Every year I get a little poa annua and this is how I get rid of it: * I pull whatever the pre emergent doesn't prevent.*

But what's the bigger program?

First, I put down pre emergent before poa annua emerges in the spring in fall.

I split the annual rate of my preferred pre emergent (prodiamine) in half, and apply half at or before the forsythia blooms in the spring, and the other half before the fall weed season. For me, that's late August.

That prevention is the most important part of poa annua eradication.

Then I pull what makes it through.

Now obviously I dont have a major infestation. I'm in maintenance mode.

But even if you have a lot in a small area,, physically removing it will look better sooner than spraying it with Tenacity.

It takes seasons, not a magic potion in a backpack sprayer after you see it. Too late then, my friend.

The second part is getting rid of it before it makes more. Wait for a gentle rain. Walk around the yard and pull it out.

Other than that, I pull it after it rains a bit. The roots of the plant are shallow and dense. I like to "grab it by the scruff of the neck", like how you may pick up a cat or rabbit at the back of the neck.

Imagine a plant under these dirty fingers:


Then pull it parallel to the ground and it will rip right out with the rootball attached. Go try it. You'll get the hang of it.

Before: 
*when its mixed in it's hard to get all out. I just pull until the seedheads are gone without leaving a bare spot.


After:


See? Pretty much gone. No, I'm not going to bother scraping up all the dead stalks and litter.

Here are some larger plants you can grab "by the scruff of the neck":


All gone! Well, for now. It will be back next spring but I'll have 10 plants instead of 15, unless the creek overflows more times and brings in all the junk from upstream.

Voila. No poa annua. For now. 10 minutes tops, with pictures.


What's the lesson? Sweat equity and properly timed pre emergent are the best poa annua eradication regimens for most homeowner scenarios.

Unless you have a huge area with a major infestation, just keep at it with pre emergent and sweat equity for several seasons.


----------



## g-man (Jun 15, 2017)

:thumbup:

One key step for the mixed in, bleach them with tenacity to spot them.

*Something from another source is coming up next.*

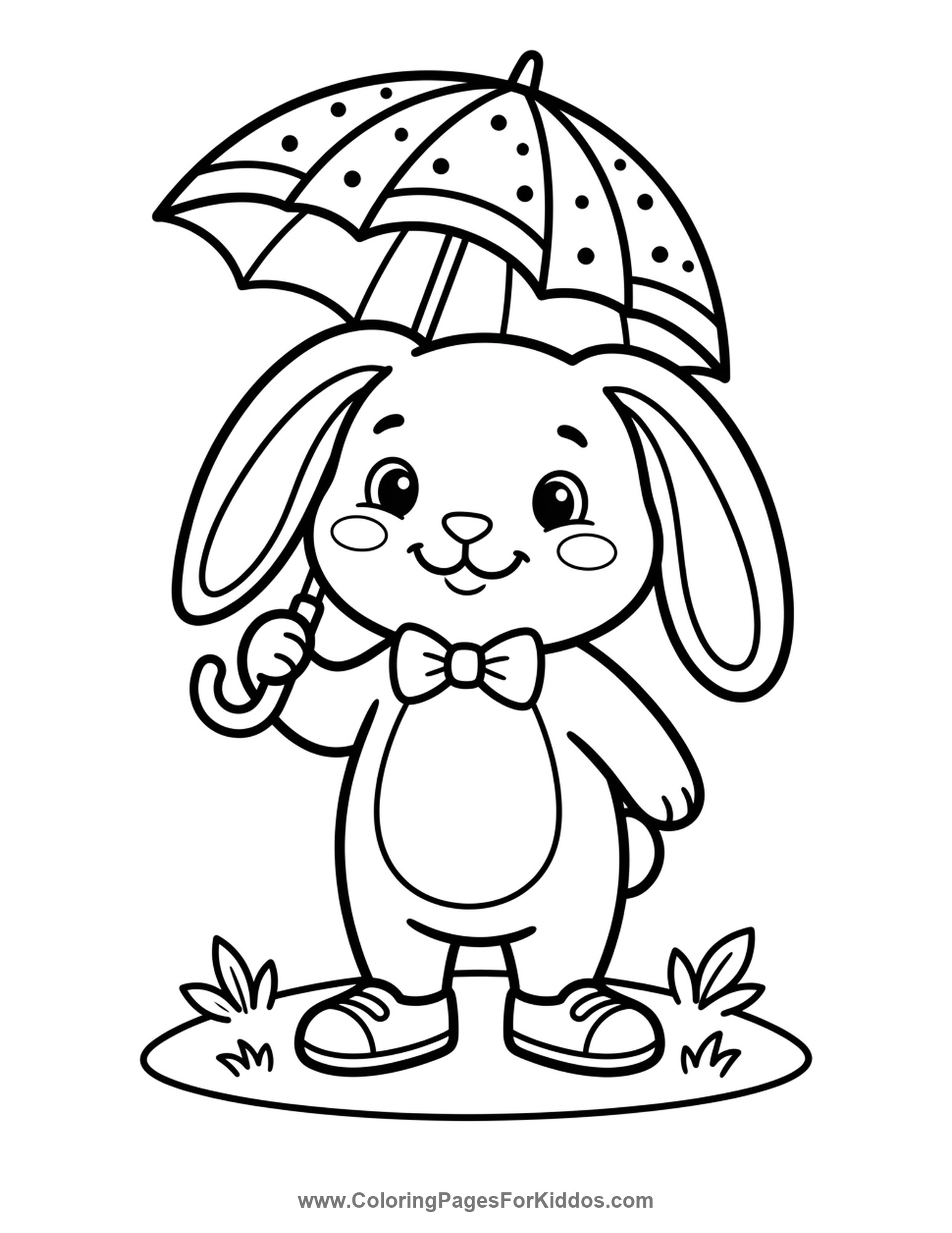 Bunny With An Umbrella coloring page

And the tip of a hori hori speeds up removal.


----------



## Bug pumper (Jul 2, 2018)

I'm not sure I understand. If you'd come over I have enough you could do a demo for me.


----------



## social port (Jun 19, 2017)

Love the video. 
On a scale from 1 to 10, how would you rate the importance of throwing it?


----------



## HoosierLawnGnome (Sep 28, 2017)

@g-man It sure does! Mine is highlighted in my pics too

@Bug pumper I actually kinda like it. It's like the guilty pleasure of popping a zit or something

@social port I was cut from the baseball team in 9th grade. Now you know why.


----------



## SNOWBOB11 (Aug 31, 2017)

I don't know why but for some reason I didn't picture your voice to sound like that. Yes I pictured how your voice sounded from your username. :dunno: :smile:


----------



## jht3 (Jul 27, 2018)

I did the same thing this year. Prodiamine last fall and hand pulling this spring when the ground is super soaked. It does come up easily. Good thing I had extra quarantine time to patrol my .25 acre, can't imagine 1.5!!

I also got over excited with round up on the heavily infested parts.

Now I'm trying to grow tttf in the bald spots but not going well with so much rain and cold weather.


----------